### EXERCISE BRIEF
Whatever comes before the line containing "Osztott hímzőfonal válogatás - Nature Harmony Osztott" stays out; transcribe that line and all that follow to the end of the records exactly, with no pictures.

Data records
++++
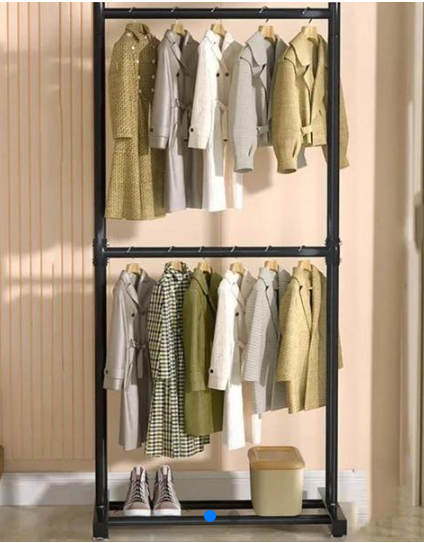 Organizador De Ropa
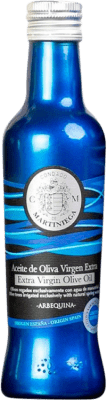 15,95 € Envio grátis | Azeite de Oliva Condado de Martiniega Espanha Arbequina Garrafa Medium 50 cl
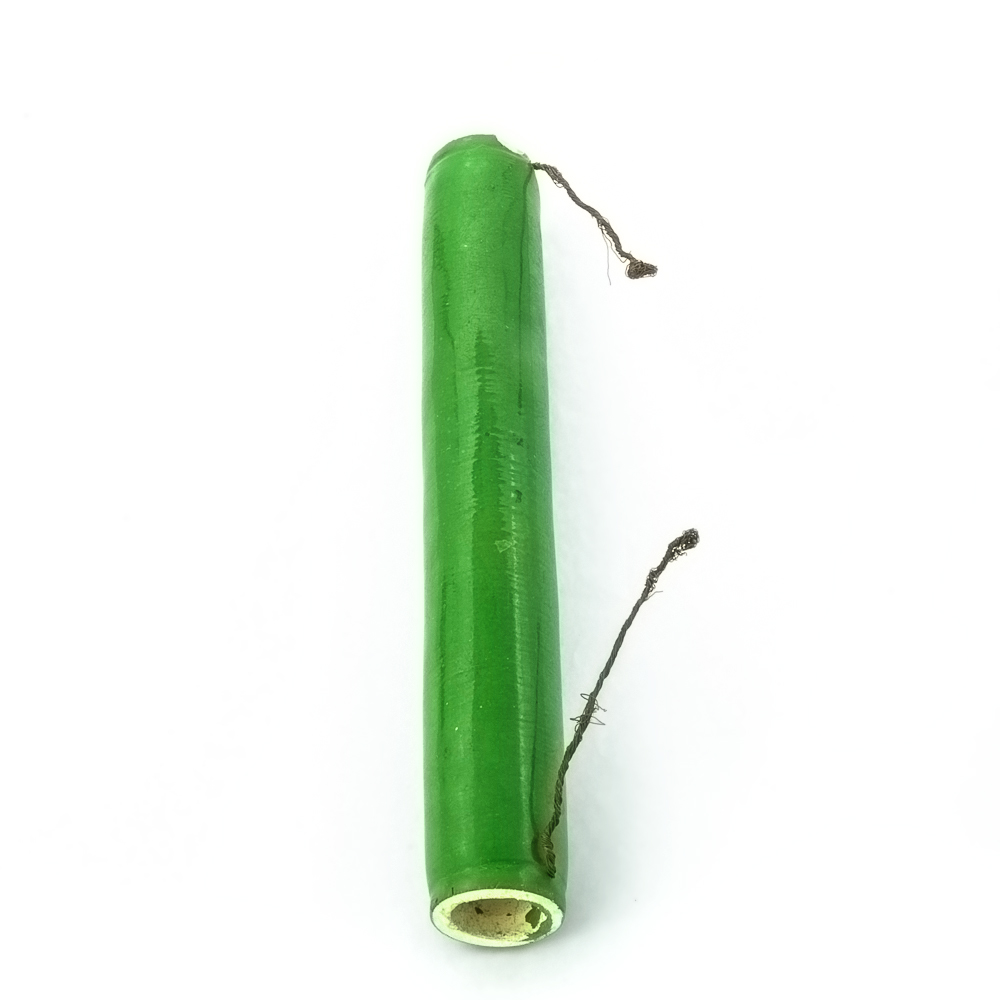 ПЭ-150 150W(Ватт) 1 Ω(Ом)±10% Резистор постоянный фото 360 №4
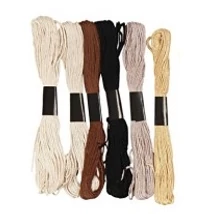 Osztott hímzőfonal válogatás - Nature Harmony Osztott hímzőfonal válogatás - Nature Harmony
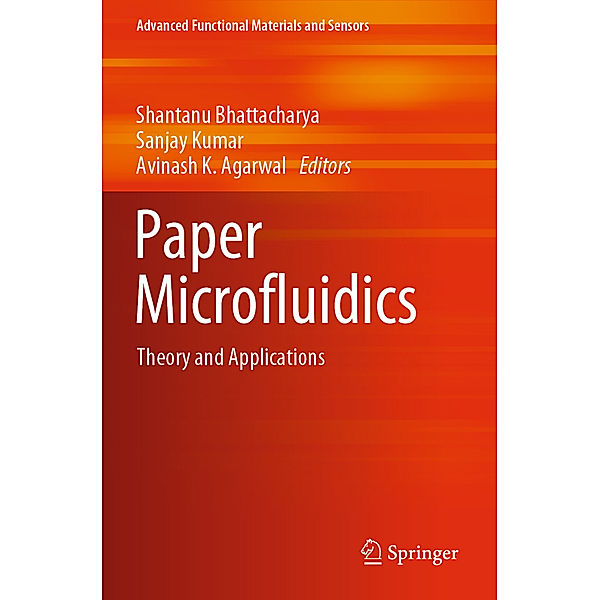 Paper Microfluidics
++++
### REPLY TO THE EXERCISE
 Osztott hímzőfonal válogatás - Nature Harmony Osztott hímzőfonal válogatás - Nature Harmony
 Paper Microfluidics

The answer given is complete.